Well-Being Archives
Not Hot Smoke (Ciggy Puffs, Fuck Off!!!) 2007 Full Body Tour
By on July 3, 2007 | Permalink | Comments (5)
So for those of you who did not know, today is day 3 of my indefinite “Not Hot Smoke (Ciggy Puffs, Fuck Off!!!) 2007 Full Body Tour”. I’ve thrown in the damp stinky towel of cigarettes. And I didn’t do it for Lent, I didn’t do it for Jesus, I didn’t do it for my Mom, I’m doing it for myself.

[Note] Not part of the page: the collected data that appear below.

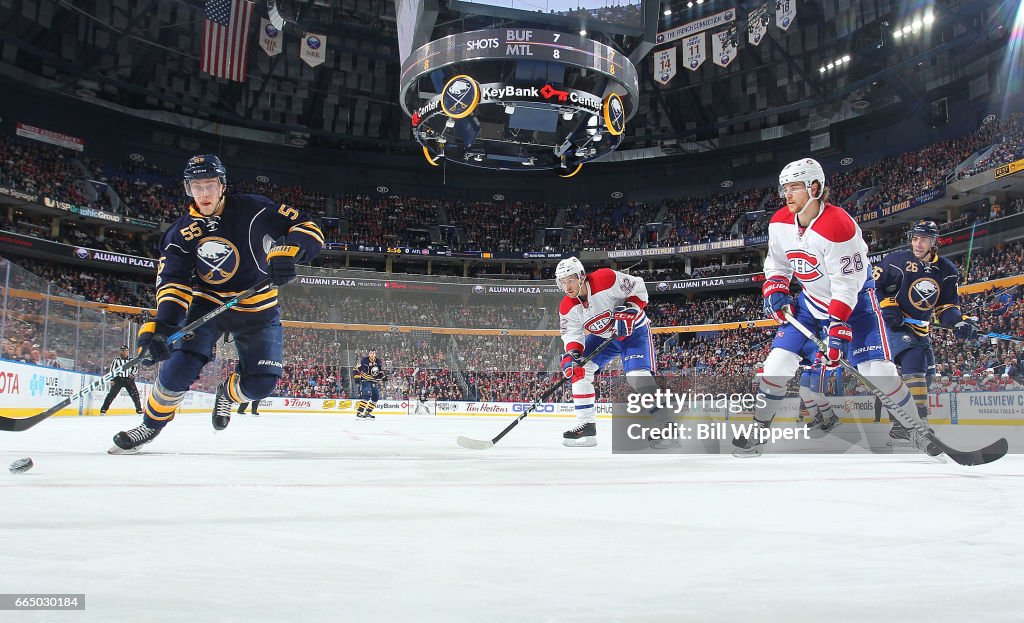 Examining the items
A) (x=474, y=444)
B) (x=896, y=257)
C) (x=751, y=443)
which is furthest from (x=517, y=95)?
(x=751, y=443)

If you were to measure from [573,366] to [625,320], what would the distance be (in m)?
0.72

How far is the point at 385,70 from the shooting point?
36.1 metres

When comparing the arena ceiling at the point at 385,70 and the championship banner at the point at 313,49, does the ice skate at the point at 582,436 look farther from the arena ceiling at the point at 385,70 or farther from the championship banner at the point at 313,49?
the championship banner at the point at 313,49

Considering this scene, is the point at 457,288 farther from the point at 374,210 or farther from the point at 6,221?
the point at 6,221

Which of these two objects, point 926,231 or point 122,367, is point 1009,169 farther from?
point 122,367

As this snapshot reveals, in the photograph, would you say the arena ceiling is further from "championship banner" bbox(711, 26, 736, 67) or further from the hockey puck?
the hockey puck

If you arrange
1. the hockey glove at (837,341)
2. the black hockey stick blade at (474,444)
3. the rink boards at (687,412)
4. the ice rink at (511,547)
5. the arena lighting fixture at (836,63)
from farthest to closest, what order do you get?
1. the arena lighting fixture at (836,63)
2. the rink boards at (687,412)
3. the black hockey stick blade at (474,444)
4. the hockey glove at (837,341)
5. the ice rink at (511,547)

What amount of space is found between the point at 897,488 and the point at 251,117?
128ft

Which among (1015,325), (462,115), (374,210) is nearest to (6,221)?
(374,210)

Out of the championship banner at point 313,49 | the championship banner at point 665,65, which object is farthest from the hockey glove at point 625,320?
the championship banner at point 313,49

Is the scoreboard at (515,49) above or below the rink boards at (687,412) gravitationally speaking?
above

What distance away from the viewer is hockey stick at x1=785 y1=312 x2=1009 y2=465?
4203 mm

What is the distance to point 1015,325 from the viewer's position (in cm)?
1745

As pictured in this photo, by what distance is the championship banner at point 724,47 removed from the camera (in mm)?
28938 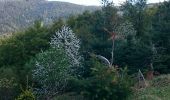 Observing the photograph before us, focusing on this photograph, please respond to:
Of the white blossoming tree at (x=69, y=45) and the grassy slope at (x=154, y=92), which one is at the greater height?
the white blossoming tree at (x=69, y=45)

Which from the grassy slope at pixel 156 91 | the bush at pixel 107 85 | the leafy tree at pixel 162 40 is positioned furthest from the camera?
the leafy tree at pixel 162 40

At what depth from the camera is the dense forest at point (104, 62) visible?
2992 centimetres

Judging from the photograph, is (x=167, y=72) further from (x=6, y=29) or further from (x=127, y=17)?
(x=6, y=29)

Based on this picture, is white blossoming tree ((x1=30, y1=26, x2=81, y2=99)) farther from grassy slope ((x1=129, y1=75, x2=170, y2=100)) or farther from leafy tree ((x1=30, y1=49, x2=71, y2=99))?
grassy slope ((x1=129, y1=75, x2=170, y2=100))

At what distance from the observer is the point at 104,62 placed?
35875mm

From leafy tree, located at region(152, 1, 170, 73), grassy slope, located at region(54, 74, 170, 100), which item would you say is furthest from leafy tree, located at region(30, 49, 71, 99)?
leafy tree, located at region(152, 1, 170, 73)

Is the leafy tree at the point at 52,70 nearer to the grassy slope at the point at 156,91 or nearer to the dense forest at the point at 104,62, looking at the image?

There are some obvious reasons and some not-so-obvious reasons for my scheduled decision and I’d like to tell you some details.
First of all, Brother Caleb kicked me down with some information about the Georgia Tobacco Quit Line (1-800-NO-BUTTS) which is a government-run program that sets you up with quitting plan (mostly a date), a counselor (not annoying at all, in fact, mine was very comforting to talk to and kept it real), and provides healthy mental and physical alternatives (breathing exercises, beverage switches, etc.) which means…that’s right: free patches or gum - and it’s open to people from every state, they’ll set you up with the right person. The GTQL has been around for three years or so and they’ve helped 35,000 or so people with their addictions. ANYWAY…the patches are working pretty well and, when I chose July 1st for my quit date in early June, I decided to space them out since I only got one box of Step One Nicotine Tranasdermal System Patches (14 patches at 21mg each - that’s a lot of nicotine=1 1/2 packs of Parliament Lights).1 They keep a sort of “deep buzz” going all throughout the day and give your tongue a parched sense that makes water taste like gold.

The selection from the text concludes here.